In einer aktuellen Studie von Postbank Research wird praktisch von einem nahenden Staatsbankrott ausgegangen. Der IWF/EU-Kredit wird im schlimmsten Fall nicht ausreichen, einen Bankrott des lettischen Staates zu verhindern, heisst es in der Studie.
Falls dieser Fall eintritt, wird es sehr wahrscheinlich im gleichen Atemzug zu einer Währungskrise (Aufgabe des Fixkurssystems) mit einem starken Wertverfall der lettischen Währung kommen.
Der Premier des Landes Dombrovsksis hatte bereits vor über einem Monat in einem Interview mitgeteilt, dass dem Land der Bankrott drohe, falls es die nächste Kredittranche von 1,7 Mrd. Euro im Juni nicht erhält. Bereits im März hat das Land eine Auszahlung von 200 Mio. Euro nicht erhalten, nachdem es die Budgetvorgaben des IWF nicht einhalten konnte.

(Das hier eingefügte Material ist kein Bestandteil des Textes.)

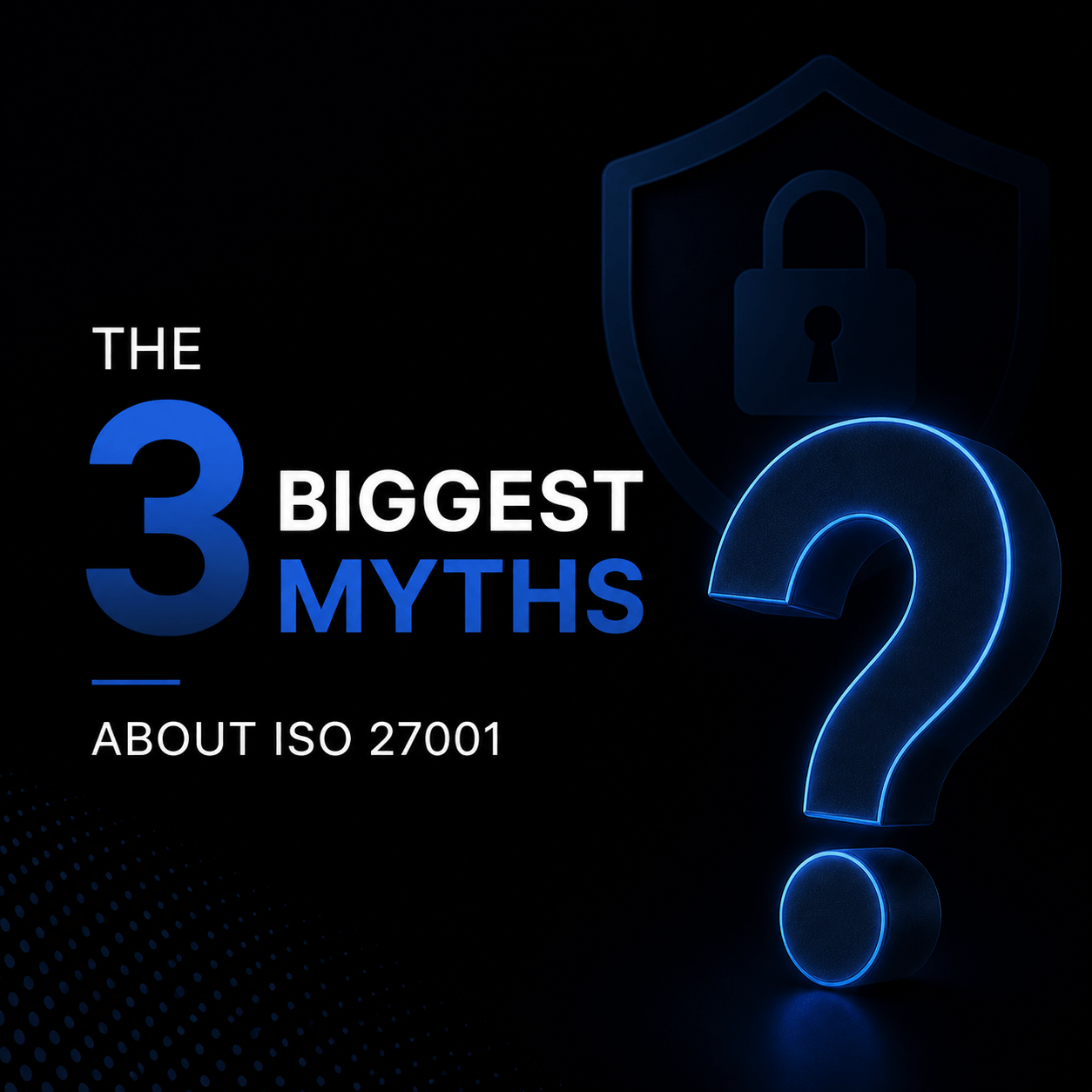 Les 3 plus grands mythes sur ISO 27001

Diese sehen ein maximales Budgetdefizit von 5% des BIP vor. Seit rund einem Monat wird nun von lettischer Seite versucht nachzuverhandeln, mit dem Ziel eines maximal erlaubten Defizits von 7%. Aber selbst dies stellt aus Sicht der Postbank Studie noch ein ambitioniertes Ziel dar.
Zum Vergleich: Der Staat muss ca. 40% seines aktuellen Haushaltes einsparen, um diese 7% zu erreichen. Der IWF äußerte sich diesbezüglich relativ zurückhaltend, stellt aber Gespräche in Aussicht.

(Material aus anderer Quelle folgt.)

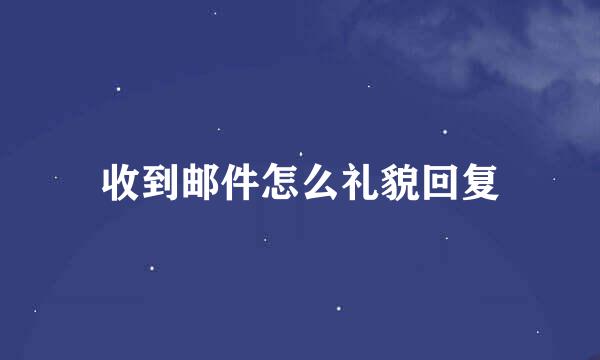 收到邮件怎么礼貌回复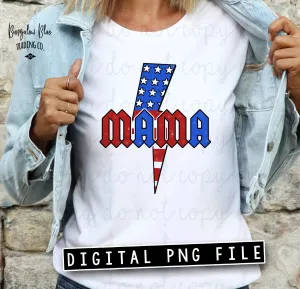 Mama Lightening Bolt 4th of July Digital Download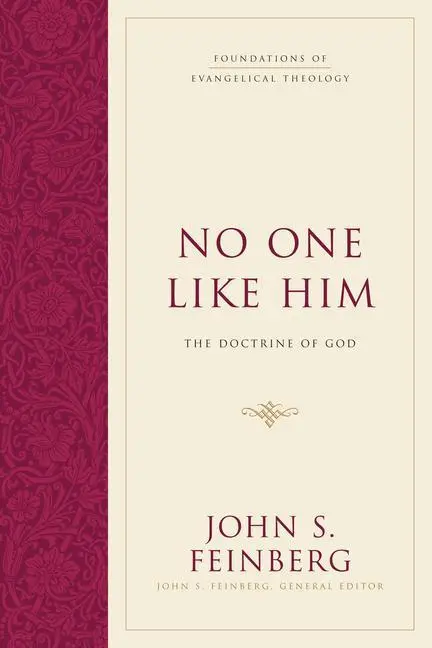 Cover: 9781581348118 | No One Like Him | The Doctrine of God (Hardcover) | John S Feinberg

Die künftige Zahlungsfähigkeit des Staates steht und fällt mit dem Kredit des IWF. Den Devisenreserven von 4,4 Mrd.USD stehen im Moment Gesamtverbindlichkeiten des Landes in Höhe von 46 Mrd. USD gegenüber, davon sind 12 Mrd. Euro kurzfristiger Natur.
Die Handelsbilanz Lettlands ist negativ. Dementsprechend kann hieraus kein Finanzierungsbeitrag erwartet werden. In diesem Zusammenhang besteht die Gefahr von Spekulationen über eine mögliche Aufgabe des Wechselkurssystems.

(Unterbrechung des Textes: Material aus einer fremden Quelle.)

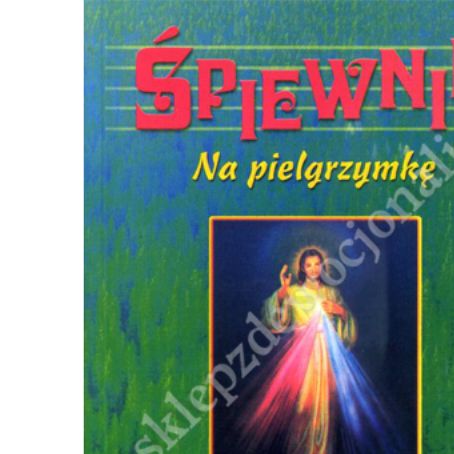 ŚPIEWNIK NA PIELGRZYMKĘ I WSPÓLNĄ BIESIADĘ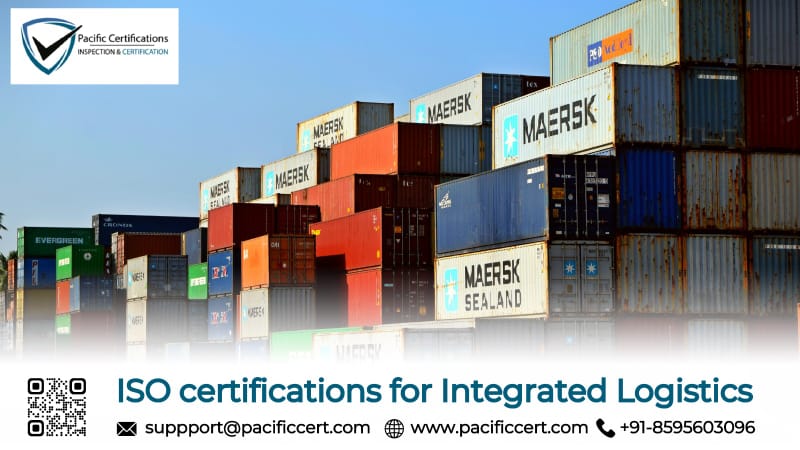 ISO Certifications for Integrated Logistics and How Pacific Certifications can help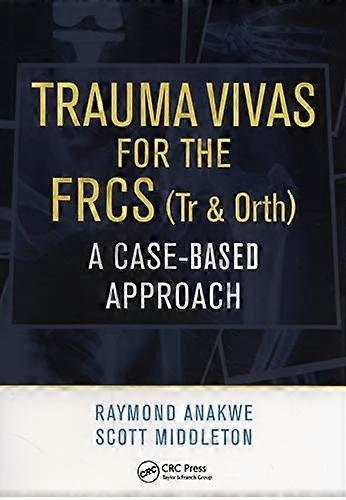 Trauma Vivas for the FRCS: A Case Based Approach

Lettland unterhält ein Fixkurssystem (currency board) gegenüber dem Euro mit einer Schwankungsbreite von +/- 1%. Typische Anzeichen für derartige „Attacken“ sind schrumpfende Währungsreserven, ansteigende Leitzinsen, sowie als Voraussetzung ein real überbewerteter Wechselkurs.
Gemessen am langfristigen Durchschnitt des realen effektiven Wechselkurses ist die lettische Währung um ca. 30 % überbewertet. Lettlands FX-Reserven sind von 5,2 Mrd. Euro (Ende Dezember) auf zuletzt 3,3 Mrd. Euro (Stand Ende März) geschrumpft. Allein die Kapitalflucht hat zum jetzigen Zeitpunkt noch nicht im großen Stil eingesetzt, so dass die Zentralbank die Leitzinsen noch nicht erhöhen musste.
Die Folgen einer Aufgabe der Wechselkursbindung wären dramatisch. Aufgrund der hohen Auslandsverschuldung des Landes könnten bei einer starken Abwertung der Währung viele Kredite nicht mehr bedient werden und würden ausfallen.
Die Postbank Analyse hält ein solches Szenario nicht mehr für ganz abwegig. Denn der Staat selbst dürfte kaum ein Interesse daran haben, den Wechselkurs mit aller Kraft zu verteidigen, da ein baldiger Beitritt zum Euro nicht realistisch erscheint.
Ansteckungseffekte für den Rest des Baltikums wären bei einer Währungskrise in Lettland mehr als wahrscheinlich.